Hi Cor, I don't get you second point. The intent of the last test of CommentsWithdrawalCodeSplitterTest is to test the following scenario:

insert into MY_TABLE using template 
    "String value with comment start /* hidden in it" -> MY_COLUMN /* With a comment after */;

That is the point of this.splitter.getParameters().addDontSplitBetweenTwo("\""); which says that we don't want to split comments if the comment delimiter is (in this case) in a String (or perhaps another comment!)

Cpt-xx commented 8 years ago

Sorry I missed the usecase of this one. I'll see what I can do to resolve this.

fragmatyc commented 8 years ago

No worries :)

Cpt-xx commented 8 years ago

Okay, I'm trying to make sense of the CodeSplitterParameters class. Basically it is a list of pairs of unqualified delimiters. The pair of delimiters denoting a comment (e.g. "/" and "/") have the same meaning and contents as the pair of delimiters denoting a String (e.g.""" and """). So how can I make a informed choice between the two?

As there are clear distinctions between a delimiter pair denoting a comment and a pair denoting a String, I would propose to either add a discriminator (in the form of an enum as there is a limited number of possibilities) or to make clear subclasses of the pair (so a CommentsDelimitersPair and a StringDelimitersPair) so the processing methods can make an informed and unambiguous choice between them. Using an enumeration will create the possibility of using a switch and using subclasses will enable polymorphic method calls.

So, please help me make a decision.

fragmatyc commented 8 years ago

Do it as you wish :)

The way I did it at first was to add a "don't split between two delimiters" property. I don't think it's the best solution as we might want to avoid splitting between more than one pair of delimiters. You make the call! I think your proposition of an enum is good, but please look at the class containing sdfl syntax. I'm using reflection on the class instead of enum for inheritance (enum can't extend).

The point is to think and be future proof, isn't it?

Cpt-xx commented 8 years ago

Okay... I'll try and do a proposal (working with unit tests etc.).

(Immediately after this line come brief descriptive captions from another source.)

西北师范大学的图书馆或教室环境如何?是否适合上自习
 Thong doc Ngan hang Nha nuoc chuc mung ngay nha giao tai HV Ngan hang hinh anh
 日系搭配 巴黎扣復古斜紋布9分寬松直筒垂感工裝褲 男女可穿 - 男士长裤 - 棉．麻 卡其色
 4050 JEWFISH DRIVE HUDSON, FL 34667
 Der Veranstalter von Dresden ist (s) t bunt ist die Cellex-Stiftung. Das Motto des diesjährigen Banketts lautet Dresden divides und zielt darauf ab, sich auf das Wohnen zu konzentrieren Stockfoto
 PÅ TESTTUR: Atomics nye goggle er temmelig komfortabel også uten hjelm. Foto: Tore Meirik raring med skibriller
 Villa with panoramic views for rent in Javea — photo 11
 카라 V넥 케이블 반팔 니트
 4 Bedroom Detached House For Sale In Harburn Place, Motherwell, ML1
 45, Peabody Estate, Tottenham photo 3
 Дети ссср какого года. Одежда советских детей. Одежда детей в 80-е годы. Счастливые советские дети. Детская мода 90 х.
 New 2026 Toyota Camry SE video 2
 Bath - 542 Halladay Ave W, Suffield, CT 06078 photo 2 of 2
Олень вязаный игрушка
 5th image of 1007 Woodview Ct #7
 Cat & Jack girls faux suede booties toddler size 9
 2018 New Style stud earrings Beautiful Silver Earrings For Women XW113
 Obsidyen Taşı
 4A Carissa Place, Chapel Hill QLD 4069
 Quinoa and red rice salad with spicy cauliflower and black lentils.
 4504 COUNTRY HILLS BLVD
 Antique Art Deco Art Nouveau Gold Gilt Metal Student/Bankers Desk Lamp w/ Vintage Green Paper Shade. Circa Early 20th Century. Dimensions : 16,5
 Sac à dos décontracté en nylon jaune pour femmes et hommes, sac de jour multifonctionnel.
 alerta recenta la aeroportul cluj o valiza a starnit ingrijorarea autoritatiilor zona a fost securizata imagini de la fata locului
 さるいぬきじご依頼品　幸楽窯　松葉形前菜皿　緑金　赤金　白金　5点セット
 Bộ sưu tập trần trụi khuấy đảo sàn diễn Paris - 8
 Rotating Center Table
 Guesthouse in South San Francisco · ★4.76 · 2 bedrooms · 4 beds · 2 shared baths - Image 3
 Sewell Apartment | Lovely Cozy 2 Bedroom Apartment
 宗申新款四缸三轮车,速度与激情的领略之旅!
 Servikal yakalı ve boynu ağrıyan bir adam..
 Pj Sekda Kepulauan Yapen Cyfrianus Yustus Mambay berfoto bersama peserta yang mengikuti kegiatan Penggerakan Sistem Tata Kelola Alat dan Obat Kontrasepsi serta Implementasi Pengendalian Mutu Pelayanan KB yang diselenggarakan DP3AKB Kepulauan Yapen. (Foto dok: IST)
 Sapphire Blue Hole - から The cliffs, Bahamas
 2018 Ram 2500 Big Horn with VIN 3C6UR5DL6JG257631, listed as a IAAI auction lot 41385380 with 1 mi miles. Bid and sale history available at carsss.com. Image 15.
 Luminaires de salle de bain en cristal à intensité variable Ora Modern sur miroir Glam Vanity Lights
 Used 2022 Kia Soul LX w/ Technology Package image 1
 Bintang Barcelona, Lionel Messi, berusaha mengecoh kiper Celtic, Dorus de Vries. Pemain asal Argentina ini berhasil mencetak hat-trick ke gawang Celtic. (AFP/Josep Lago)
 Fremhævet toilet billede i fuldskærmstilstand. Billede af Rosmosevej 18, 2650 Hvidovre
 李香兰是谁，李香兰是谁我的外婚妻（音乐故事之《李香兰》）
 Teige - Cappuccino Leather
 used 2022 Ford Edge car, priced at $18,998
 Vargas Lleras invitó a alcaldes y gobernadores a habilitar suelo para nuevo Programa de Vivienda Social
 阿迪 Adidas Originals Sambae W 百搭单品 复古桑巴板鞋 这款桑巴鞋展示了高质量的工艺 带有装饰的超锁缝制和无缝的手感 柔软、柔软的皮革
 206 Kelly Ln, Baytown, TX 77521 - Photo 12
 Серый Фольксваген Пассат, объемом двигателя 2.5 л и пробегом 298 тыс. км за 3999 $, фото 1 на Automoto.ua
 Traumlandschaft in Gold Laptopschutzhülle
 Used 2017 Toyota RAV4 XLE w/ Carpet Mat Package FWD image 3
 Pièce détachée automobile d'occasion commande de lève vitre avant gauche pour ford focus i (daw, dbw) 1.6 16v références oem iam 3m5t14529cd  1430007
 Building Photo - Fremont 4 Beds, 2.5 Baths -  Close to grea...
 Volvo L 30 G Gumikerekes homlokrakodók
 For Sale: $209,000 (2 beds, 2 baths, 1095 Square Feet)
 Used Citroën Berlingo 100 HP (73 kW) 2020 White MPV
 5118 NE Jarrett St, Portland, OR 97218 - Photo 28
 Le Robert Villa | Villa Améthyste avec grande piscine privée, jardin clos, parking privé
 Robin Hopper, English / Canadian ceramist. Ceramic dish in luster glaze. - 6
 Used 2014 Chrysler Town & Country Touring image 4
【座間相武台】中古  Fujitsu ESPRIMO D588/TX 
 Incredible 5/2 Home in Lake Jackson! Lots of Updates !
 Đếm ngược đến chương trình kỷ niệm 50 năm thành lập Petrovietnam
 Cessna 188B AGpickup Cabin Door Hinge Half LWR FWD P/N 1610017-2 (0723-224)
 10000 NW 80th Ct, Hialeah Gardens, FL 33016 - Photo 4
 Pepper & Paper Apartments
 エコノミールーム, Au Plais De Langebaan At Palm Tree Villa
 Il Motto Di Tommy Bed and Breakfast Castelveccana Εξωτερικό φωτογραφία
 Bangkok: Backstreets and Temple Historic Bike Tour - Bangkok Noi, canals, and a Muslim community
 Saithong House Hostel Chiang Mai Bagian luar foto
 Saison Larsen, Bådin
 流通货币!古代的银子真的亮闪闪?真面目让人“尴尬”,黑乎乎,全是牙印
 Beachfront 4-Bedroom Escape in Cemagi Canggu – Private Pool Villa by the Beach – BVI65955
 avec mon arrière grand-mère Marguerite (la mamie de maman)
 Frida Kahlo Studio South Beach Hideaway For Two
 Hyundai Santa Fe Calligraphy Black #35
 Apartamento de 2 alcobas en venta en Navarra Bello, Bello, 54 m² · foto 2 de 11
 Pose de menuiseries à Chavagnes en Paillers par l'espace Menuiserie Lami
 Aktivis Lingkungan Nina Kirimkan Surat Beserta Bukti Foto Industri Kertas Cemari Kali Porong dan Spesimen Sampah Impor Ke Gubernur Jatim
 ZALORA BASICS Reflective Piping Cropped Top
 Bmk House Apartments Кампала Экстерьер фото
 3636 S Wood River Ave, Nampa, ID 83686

However I do want to have some things cleared up/asked:

I will have to think up a nice and clear way of filtering the comments and such out of the input text. The fact that a delimiters appearing in text quotes (and presumably the other way around as well) need to be ignored does throw a bit of a challenge at me. But I will find some nice way I'm sure. It might take some time though...

fragmatyc commented 8 years ago

We surely will need to escape some characters, like the double quotes in a String. Regarding the splitting of code with Strings, I agree it's a bit complex. That is why I had originally created a separated implementation of the code splitter. Perhaps a simple and effective solution could be to remove the strings and put them back after the code is cleaned? It could potentially accelerate the process if we start by removing the Strings instead of removing the new line chars?

Cpt-xx commented 8 years ago

A heads up: I'm working on a solution where any delimiter between a string delimiter is ignored. It is looking good so far, I'm working on (close to) 100% unit test coverage. After that I'll see if that logic works for delimiters between comment delimiters as well (it should, logically speaking).

After THAT we can see if we can adopt this way of working and modify the existing code to use this new material.